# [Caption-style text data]
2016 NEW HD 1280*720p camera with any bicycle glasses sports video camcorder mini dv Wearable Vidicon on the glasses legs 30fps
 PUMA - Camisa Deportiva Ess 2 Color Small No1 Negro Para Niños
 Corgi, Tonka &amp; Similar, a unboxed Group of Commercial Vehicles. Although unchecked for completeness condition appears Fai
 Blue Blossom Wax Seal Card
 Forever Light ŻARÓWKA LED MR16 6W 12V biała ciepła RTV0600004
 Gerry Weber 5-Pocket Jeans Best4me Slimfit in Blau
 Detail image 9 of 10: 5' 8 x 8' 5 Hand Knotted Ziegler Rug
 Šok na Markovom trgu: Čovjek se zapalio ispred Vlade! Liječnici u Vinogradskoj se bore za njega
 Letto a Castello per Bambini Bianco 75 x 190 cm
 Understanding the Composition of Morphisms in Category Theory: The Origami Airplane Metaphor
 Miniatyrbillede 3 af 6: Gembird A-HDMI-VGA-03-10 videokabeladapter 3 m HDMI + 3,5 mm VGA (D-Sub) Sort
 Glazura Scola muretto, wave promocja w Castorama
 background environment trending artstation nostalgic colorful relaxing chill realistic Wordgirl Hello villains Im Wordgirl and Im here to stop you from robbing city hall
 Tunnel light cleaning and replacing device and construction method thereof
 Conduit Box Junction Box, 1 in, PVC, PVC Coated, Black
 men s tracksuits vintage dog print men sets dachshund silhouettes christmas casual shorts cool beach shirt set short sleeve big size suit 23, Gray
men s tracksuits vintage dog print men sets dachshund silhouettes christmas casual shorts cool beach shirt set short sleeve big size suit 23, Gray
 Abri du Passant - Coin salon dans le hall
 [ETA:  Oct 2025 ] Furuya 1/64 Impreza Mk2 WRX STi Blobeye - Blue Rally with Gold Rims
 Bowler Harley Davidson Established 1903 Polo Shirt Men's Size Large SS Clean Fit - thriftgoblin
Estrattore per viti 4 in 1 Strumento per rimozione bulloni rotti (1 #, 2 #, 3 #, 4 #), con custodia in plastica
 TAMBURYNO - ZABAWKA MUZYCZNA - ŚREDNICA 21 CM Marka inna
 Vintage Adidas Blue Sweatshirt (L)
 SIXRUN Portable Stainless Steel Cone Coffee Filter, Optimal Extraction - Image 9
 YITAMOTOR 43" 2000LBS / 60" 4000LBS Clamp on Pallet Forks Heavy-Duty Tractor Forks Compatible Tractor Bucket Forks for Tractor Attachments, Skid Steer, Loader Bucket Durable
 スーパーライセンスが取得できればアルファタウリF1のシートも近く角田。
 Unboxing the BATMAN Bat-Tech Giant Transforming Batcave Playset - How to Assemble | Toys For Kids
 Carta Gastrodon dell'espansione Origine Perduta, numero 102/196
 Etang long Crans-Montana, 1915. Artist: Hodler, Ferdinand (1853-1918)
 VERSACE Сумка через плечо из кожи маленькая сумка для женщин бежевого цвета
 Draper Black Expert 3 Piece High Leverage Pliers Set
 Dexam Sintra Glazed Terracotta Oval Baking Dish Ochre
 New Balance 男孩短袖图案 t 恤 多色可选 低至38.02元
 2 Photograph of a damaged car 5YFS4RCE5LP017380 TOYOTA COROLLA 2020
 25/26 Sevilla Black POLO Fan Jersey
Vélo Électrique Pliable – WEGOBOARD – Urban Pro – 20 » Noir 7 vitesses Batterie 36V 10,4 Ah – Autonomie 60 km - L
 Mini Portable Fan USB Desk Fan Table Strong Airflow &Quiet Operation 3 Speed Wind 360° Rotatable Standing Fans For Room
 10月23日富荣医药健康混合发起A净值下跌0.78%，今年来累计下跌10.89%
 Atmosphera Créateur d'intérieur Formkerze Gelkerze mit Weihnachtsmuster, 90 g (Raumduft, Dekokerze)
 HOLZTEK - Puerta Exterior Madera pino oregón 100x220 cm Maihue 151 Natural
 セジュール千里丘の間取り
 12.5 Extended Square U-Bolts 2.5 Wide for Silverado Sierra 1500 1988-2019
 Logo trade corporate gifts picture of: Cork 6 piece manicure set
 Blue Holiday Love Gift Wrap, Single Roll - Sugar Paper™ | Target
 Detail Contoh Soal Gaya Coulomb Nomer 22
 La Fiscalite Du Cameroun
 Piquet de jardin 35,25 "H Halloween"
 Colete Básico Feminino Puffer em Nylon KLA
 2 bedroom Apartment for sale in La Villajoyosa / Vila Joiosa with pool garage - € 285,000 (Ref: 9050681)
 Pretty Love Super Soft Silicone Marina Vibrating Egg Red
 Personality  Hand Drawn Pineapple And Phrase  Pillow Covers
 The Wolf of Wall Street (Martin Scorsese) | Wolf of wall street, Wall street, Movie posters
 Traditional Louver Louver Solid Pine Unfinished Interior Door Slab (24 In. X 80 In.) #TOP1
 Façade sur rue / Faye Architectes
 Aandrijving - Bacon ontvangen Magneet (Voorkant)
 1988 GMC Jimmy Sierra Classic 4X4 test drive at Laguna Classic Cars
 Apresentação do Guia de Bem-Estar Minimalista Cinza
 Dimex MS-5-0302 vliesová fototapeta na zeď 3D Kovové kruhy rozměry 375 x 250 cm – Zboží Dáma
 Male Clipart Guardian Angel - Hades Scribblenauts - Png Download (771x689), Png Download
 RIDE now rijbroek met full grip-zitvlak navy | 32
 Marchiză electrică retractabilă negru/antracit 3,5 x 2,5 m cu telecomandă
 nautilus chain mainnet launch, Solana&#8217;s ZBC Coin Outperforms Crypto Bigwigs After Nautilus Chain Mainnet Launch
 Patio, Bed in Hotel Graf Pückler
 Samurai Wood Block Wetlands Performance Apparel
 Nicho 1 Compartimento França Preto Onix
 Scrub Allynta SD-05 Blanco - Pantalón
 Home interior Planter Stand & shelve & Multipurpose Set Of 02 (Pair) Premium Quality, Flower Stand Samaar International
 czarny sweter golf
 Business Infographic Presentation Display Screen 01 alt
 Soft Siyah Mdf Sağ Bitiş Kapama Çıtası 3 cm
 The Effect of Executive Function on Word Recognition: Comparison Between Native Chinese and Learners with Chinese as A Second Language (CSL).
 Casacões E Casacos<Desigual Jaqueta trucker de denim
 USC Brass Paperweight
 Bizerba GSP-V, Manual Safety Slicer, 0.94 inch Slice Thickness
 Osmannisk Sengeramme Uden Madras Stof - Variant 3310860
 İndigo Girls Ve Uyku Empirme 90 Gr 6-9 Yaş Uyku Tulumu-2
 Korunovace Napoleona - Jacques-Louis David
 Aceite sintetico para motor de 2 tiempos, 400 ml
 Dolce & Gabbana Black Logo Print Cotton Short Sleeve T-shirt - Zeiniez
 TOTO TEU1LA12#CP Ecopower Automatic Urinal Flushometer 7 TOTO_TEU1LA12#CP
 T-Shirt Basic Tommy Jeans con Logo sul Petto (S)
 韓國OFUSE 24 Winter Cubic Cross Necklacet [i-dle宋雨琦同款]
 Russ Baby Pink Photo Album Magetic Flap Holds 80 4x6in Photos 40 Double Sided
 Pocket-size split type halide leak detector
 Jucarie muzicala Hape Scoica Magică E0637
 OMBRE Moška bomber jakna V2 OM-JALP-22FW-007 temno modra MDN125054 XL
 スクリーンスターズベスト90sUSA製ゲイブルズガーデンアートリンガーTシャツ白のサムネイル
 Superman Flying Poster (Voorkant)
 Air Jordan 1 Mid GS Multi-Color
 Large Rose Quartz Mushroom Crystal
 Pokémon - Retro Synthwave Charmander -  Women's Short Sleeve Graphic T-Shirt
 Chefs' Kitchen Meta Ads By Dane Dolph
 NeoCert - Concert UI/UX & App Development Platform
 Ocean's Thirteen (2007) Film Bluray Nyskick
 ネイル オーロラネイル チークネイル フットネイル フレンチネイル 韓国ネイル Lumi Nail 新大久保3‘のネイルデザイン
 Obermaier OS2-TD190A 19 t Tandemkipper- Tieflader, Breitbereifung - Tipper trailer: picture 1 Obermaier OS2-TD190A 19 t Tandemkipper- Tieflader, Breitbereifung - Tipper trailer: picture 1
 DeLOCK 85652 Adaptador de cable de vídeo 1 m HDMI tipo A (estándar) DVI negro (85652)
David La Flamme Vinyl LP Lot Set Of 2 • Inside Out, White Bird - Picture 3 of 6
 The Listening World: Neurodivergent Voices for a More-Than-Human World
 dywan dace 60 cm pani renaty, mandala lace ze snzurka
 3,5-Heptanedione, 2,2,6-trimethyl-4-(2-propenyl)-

# [Exercise objective]
Starting with the first line of the entries, transcribe every line up to and including the one with "Detail image 9".

# [The completed task]
2016 NEW HD 1280*720p camera with any bicycle glasses sports video camcorder mini dv Wearable Vidicon on the glasses legs 30fps
 PUMA - Camisa Deportiva Ess 2 Color Small No1 Negro Para Niños
 Corgi, Tonka &amp; Similar, a unboxed Group of Commercial Vehicles. Although unchecked for completeness condition appears Fai
 Blue Blossom Wax Seal Card
 Forever Light ŻARÓWKA LED MR16 6W 12V biała ciepła RTV0600004
 Gerry Weber 5-Pocket Jeans Best4me Slimfit in Blau
 Detail image 9 of 10: 5' 8 x 8' 5 Hand Knotted Ziegler Rug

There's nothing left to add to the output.